Survey: Russian attitudes to physical punishment of children

Survey reveals that 67% of Russians believe that physical punishment of children is unacceptable




Article published on the ASI website


The Public Opinion Foundation has carried out a survey involving 1,500 Russians over 18 years of age in 104 towns and villages across 53 provinces.


The research showed that 67% considered the physical beating of children to be unacceptable, compared to 27% who believed it was justified in certain instances. Six per cent found the question difficult to answer.


Of those who thought punishment was warranted in certain circumstances, eight per cent thought it appropriate for acts of disobedience, bad behaviour and hooliganism. Displaying a disrespectful and rude attitude towards their elders, theft and damage to property, lying and cheating were mentioned by four per cent of respondents. Three per cent said that its use would be permissible if a child was caught smoking.
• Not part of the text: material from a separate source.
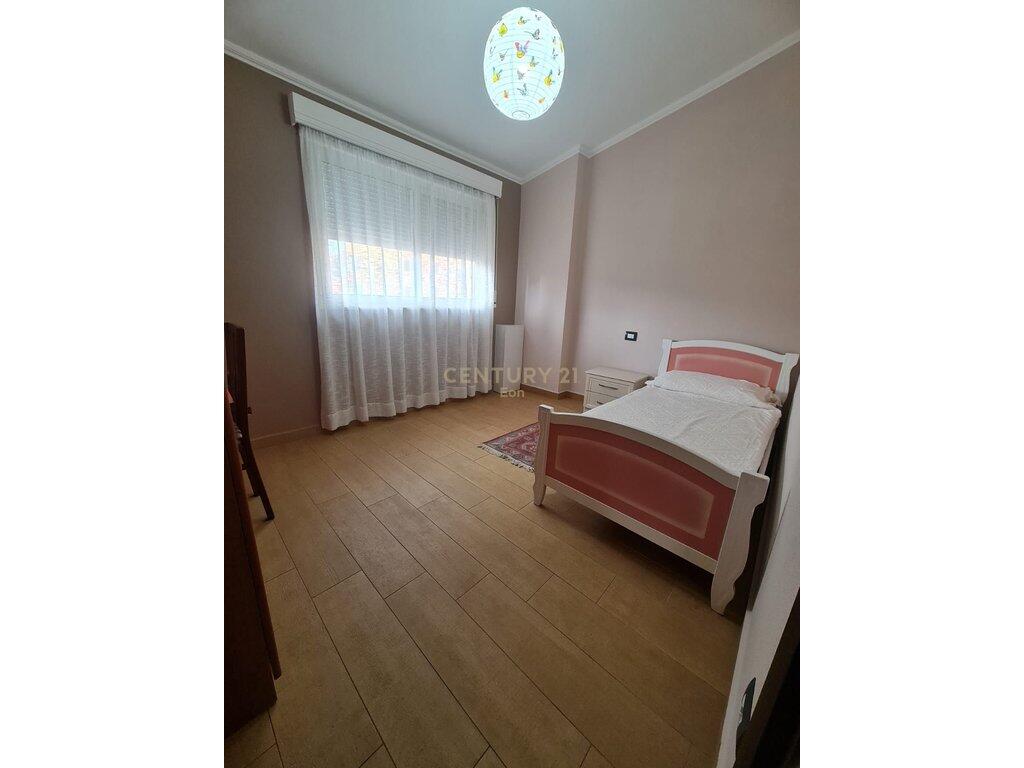 JEPET ME QIRA APARTAMENT 3+1+2+VERANDE NE QENDER DURRES !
Another two per cent favoured punishment for violence committed against other children, drug and alcohol use, truancy, poor academic performance, delinquency and serious misdemeanours. One per cent each were in favour of punishment for miscellaneous offences and cruelty to animals. Four per cent found the question difficult to answer.


On the types of punishment that could be administered, respondents cited:


  • Beating with a belt, or use of the birch – 11%;
  • Spanking – 6%;
  • Making a child stand in the corner – 4%;
  • Slapping or smacking a child – 3%;
  • Tugging a child’s ear – 1%;
  • Other 1%;
  • Found the question difficult to answer– 5%.


Of the total number of survey participants, 85% stated that physical punishment should not be used in schools, compared to 11% who thought “it wouldn’t be a bad thing”.


In addition, 53% of Russians believe that parents who physically punish school-age children these days are in the minority, with 17% saying they are in the majority. Eight per cent were 50-50 while three per cent thought there was no such category of parent.


82% of respondents stated that physical violence during arguments between spouses can never be justified, although 12% said it was acceptable on certain occasions, including:


  • Being provoked due to unacceptable behaviour on behalf of one of the partners – 2%;
  • Betrayal and infidelity – 2%;
  • Reaction to drunken behaviour on behalf of one of the spouses – 1%;
  • For reasons of self-defence and protection of a child – 1%;
  • In other situations – 1%;
  • Other – 1%;
  • Found the question difficult to answer – 5%.


In addition, 39% of respondents believe that the Russian media is covering the issue of domestic violence involving couples objectively, with 20% saying the problem is downplayed and 13% that it is exaggerated.